This week, upon completing the redesign of nowtoronto.com, I wondered aloud to a colleague, “Do you think Republican presidential hopeful John McCain will be surfing our site now?”
The answer was, “Of course not.” That’s because McCain is, in his own words, an “illiterate that has to rely on [his] wife for all of the assistance [he] can get” when it comes to computers. The senator from Arizona doesn’t even know how to send an e-mail.
The 72-year-old revealed his resistance to technology while he was still kicking it in the primaries. Ironically, that knowledge has only recently gone mainstream on the Internet. The fact that a McCain aide recently declared that “John McCain is aware of the Internet” [VIDEO] hasn’t helped his cred. The phrase has become a meme, supplying countless blog headlines.
As the Internet spotlight on presidential rival Barack Obama fades, the one on McCain is intensifying. Just as right-wing bloggers compiled piecemeal evidence of Obama’s anti-Americanism (picture of Obama in traditional Kenyan garb, the Indonesian madrassa, etc), the left is now constructing a profile of McCain as an old, out-of-touch codger.
Elsewhere, McCain-mocking videos are plentiful. One viral video shows the Video Professor, the computer know-how pitchman seen in infomercials, offering to tutor McCain. Another depicts McCain getting an e-mail about a national emergency at 3 am and not knowing how open it, a play on former hopeful Hillary Clinton’s 3 am phone call commercial during the primaries. Other sites remind us of McCain’s repeated references to Czechoslovakia (a country that ceased to exist in 1992) and his confusion over the names of his own policies.

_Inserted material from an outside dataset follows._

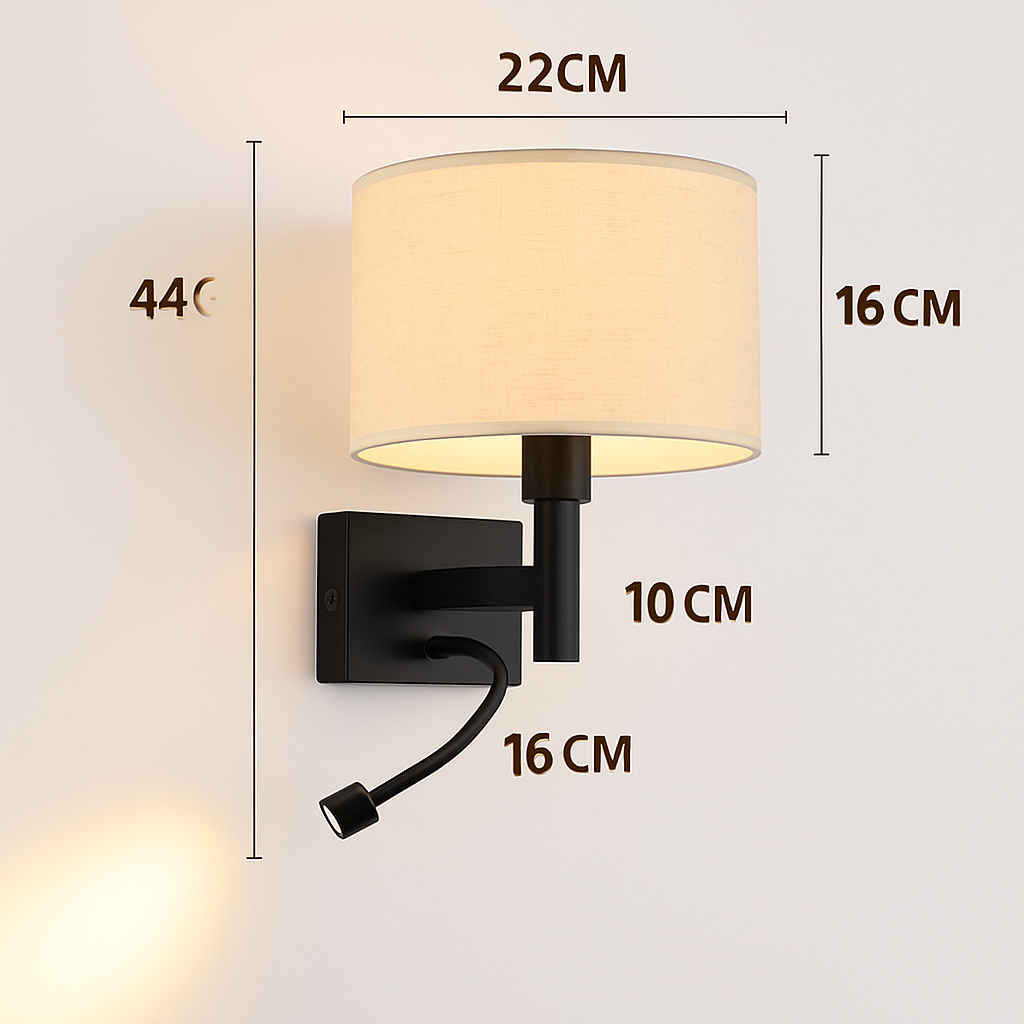 applique murale moderne en tissu avec led américaine européenne - vue 3 sur 10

For progressives, the online smears of McCain are a delicious plate of just desserts. They come after months and months of e-mail chains and websites spreading rumours that Obama is a Muslim (which scares a percentage of Americans) and unpatriotic. All of that came full circle Tuesday with the news that next week’s cover of the New Yorker features a cartoon of Obama in a turban.
Whether or not viral translates to votes, American political satire has moved online, and is the funnier for it.
Leak of the week
Even American rappers are getting in on the presidential humour: this week Mississippi’s David Banner released a series of campaign videos promoting himself for a cabinet post. He’s seen handing out stacks of money and keys to a Bentley to schoolchildren.